(Dataset entries)

=== Begin Enclosure ===

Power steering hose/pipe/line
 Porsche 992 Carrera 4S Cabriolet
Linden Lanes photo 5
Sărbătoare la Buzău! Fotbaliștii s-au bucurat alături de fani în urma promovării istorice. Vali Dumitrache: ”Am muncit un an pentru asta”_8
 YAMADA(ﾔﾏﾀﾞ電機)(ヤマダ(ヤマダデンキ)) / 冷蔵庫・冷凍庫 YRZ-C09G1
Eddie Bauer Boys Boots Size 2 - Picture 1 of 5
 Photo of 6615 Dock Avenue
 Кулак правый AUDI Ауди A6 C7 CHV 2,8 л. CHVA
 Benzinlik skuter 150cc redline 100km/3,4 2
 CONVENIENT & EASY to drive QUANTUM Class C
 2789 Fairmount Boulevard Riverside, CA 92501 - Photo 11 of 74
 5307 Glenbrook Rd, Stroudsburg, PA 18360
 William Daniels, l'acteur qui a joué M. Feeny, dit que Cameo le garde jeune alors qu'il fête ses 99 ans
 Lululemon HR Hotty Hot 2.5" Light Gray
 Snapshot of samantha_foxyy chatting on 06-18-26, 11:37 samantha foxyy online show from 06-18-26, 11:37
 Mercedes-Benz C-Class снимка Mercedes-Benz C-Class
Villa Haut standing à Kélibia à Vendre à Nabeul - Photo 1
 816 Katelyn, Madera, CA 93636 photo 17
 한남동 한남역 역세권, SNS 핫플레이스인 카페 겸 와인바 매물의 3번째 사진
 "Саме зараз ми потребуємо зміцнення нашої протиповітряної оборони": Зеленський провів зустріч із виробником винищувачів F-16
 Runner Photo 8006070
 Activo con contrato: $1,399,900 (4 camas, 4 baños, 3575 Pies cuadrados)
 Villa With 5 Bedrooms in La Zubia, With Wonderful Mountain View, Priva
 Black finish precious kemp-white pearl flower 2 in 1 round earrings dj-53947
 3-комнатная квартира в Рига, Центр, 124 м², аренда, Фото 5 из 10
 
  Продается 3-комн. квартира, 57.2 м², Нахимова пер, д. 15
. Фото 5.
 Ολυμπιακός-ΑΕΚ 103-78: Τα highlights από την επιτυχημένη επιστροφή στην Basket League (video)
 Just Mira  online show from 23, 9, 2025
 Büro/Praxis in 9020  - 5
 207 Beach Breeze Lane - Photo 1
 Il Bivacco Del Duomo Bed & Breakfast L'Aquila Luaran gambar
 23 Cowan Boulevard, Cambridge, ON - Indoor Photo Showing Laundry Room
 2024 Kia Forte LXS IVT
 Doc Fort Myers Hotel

=== End Enclosure ===

• _WORK REQUIRED_
Exactly as given, repeat every record above.

• _TASK RESPONSE_
Power steering hose/pipe/line
 Porsche 992 Carrera 4S Cabriolet
Linden Lanes photo 5
Sărbătoare la Buzău! Fotbaliștii s-au bucurat alături de fani în urma promovării istorice. Vali Dumitrache: ”Am muncit un an pentru asta”_8
 YAMADA(ﾔﾏﾀﾞ電機)(ヤマダ(ヤマダデンキ)) / 冷蔵庫・冷凍庫 YRZ-C09G1
Eddie Bauer Boys Boots Size 2 - Picture 1 of 5
 Photo of 6615 Dock Avenue
 Кулак правый AUDI Ауди A6 C7 CHV 2,8 л. CHVA
 Benzinlik skuter 150cc redline 100km/3,4 2
 CONVENIENT & EASY to drive QUANTUM Class C
 2789 Fairmount Boulevard Riverside, CA 92501 - Photo 11 of 74
 5307 Glenbrook Rd, Stroudsburg, PA 18360
 William Daniels, l'acteur qui a joué M. Feeny, dit que Cameo le garde jeune alors qu'il fête ses 99 ans
 Lululemon HR Hotty Hot 2.5" Light Gray
 Snapshot of samantha_foxyy chatting on 06-18-26, 11:37 samantha foxyy online show from 06-18-26, 11:37
 Mercedes-Benz C-Class снимка Mercedes-Benz C-Class
Villa Haut standing à Kélibia à Vendre à Nabeul - Photo 1
 816 Katelyn, Madera, CA 93636 photo 17
 한남동 한남역 역세권, SNS 핫플레이스인 카페 겸 와인바 매물의 3번째 사진
 "Саме зараз ми потребуємо зміцнення нашої протиповітряної оборони": Зеленський провів зустріч із виробником винищувачів F-16
 Runner Photo 8006070
 Activo con contrato: $1,399,900 (4 camas, 4 baños, 3575 Pies cuadrados)
 Villa With 5 Bedrooms in La Zubia, With Wonderful Mountain View, Priva
 Black finish precious kemp-white pearl flower 2 in 1 round earrings dj-53947
 3-комнатная квартира в Рига, Центр, 124 м², аренда, Фото 5 из 10
 
  Продается 3-комн. квартира, 57.2 м², Нахимова пер, д. 15
. Фото 5.
 Ολυμπιακός-ΑΕΚ 103-78: Τα highlights από την επιτυχημένη επιστροφή στην Basket League (video)
 Just Mira  online show from 23, 9, 2025
 Büro/Praxis in 9020  - 5
 207 Beach Breeze Lane - Photo 1
 Il Bivacco Del Duomo Bed & Breakfast L'Aquila Luaran gambar
 23 Cowan Boulevard, Cambridge, ON - Indoor Photo Showing Laundry Room
 2024 Kia Forte LXS IVT
 Doc Fort Myers Hotel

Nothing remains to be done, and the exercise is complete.